ZiPhone makes process painless

After months with my unlocked iPhone still running firmware 1.0.2, the arrival of Zibri's ZiPhone tool persuaded me to try an upgrade. I'm glad I did - I now have an unlocked 1.1.3 iPhone.

Why didn't I do so before? Cowardice, really. Having read how tricky upgrading became with subsequent firmware releases, I was worried about bricking my handset. And the gains from firmware 1.1.1 and 1.1.2 seemed too small to warrant the risk.

Version 1.1.3 persuaded me otherwise, but research revealed I'd have to put my phone back into its pre-unlock state - a process dubbed 'virginisation' by iPhone hackers - and the published procedures were long and tortuous, involving lots of FTP'ing and command-line tweaking. All this is necessary to repair the damage done to the original iPhone code by early unlocking routines - damage that prevents firmware updates from taking hold.

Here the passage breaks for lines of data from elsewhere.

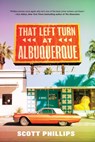 That Left Turn at Albuquerque - Scott Phillips - 9781641291101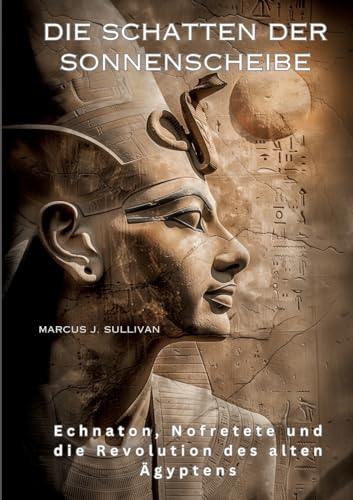 Die Schatten der Sonnenscheibe: Echnaton, Nofretete und die Revolution des alten Ägyptens (German Edition)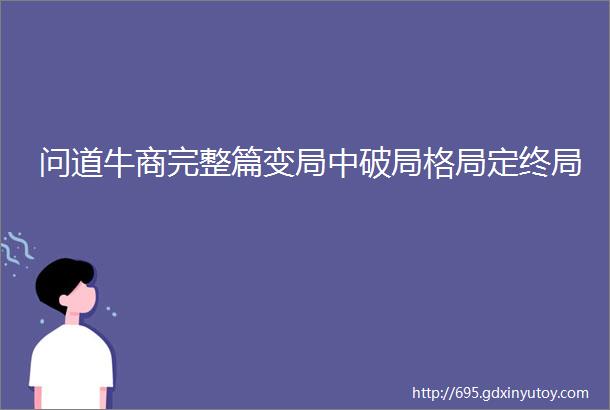 问道牛商完整篇变局中破局格局定终局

Again, the risk seemed to high.

And then I found The Virginizer, a utility put together by the guy who runs the Unlock.no website. You can find the details at the site, here. It involves a small download, which you can acquire by tweaking the Installer application's sources settings. Run The Virginizer and it'll repair your handset's baseband software but relock it and deactivate it, so it's right back at square one.

But it works, and with a virginised iPhone, I was able to use iTunes 7.6 running under Mac OS X 10.5.2 to restore the handset to firmware 1.1.1, which I'd downloaded already, as advised by Unlock.no. Connecting the iPhone to the computer then pressing down both the power and home keys puts it into Restore mode.

Option-clicking on iTunes' Restore button lets you manually select which firmware file to restore from. In Windows, you CTRL-click. I used 1.1.1, because that's what's mentioned in Unlock.no's instructions. However, having done the restore, I immediately used the same process to restore to a downloaded copy of the 1.1.3 firmware.

ZiPhone 2.2 on the Mac

ZiPhone 2.2 on the Mac

Could I have gone straight to 1.1.3? Possibly, but being a cautious fellow, I did both. The firmware downloads comes straight from Apple - you can find links to the files here.

Zibri's site has links to download his command-line utility, along with a GUI version for Mac OS X 10.5 Leopard - but not earlier versions of the OS. I downloaded it and, having quit iTunes and its Helper application, ran it.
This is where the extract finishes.